DATA PROVIDED section start
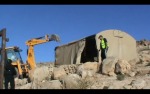 Video screenshot: JCB machines used in demolition at Bir al-Eid village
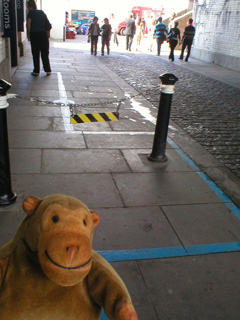 Mr Monkey following the blue line around a pair of bollards under the South Approach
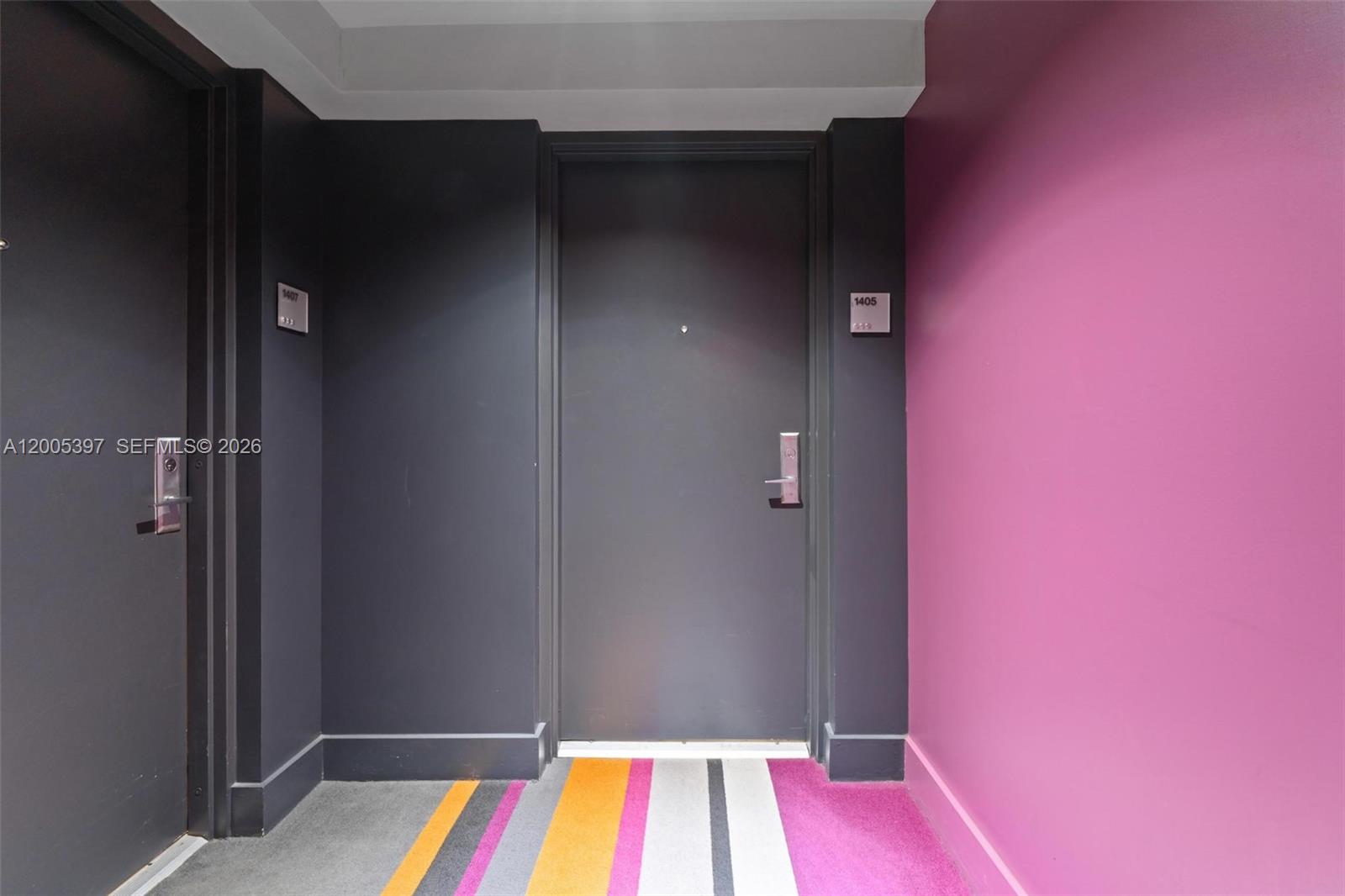 A hallway features two dark gray doors, a bright pink wall, and striped carpet flooring — 500 Brickell Ave # 1405, Miami FL 33131, MIAMI, FL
DATA PROVIDED section end
(BRIEF): Repeat the listing above exactly, with no pictures.

(ANSWER FOR THIS EXERCISE):
 Video screenshot: JCB machines used in demolition at Bir al-Eid village
 Mr Monkey following the blue line around a pair of bollards under the South Approach
 A hallway features two dark gray doors, a bright pink wall, and striped carpet flooring — 500 Brickell Ave # 1405, Miami FL 33131, MIAMI, FL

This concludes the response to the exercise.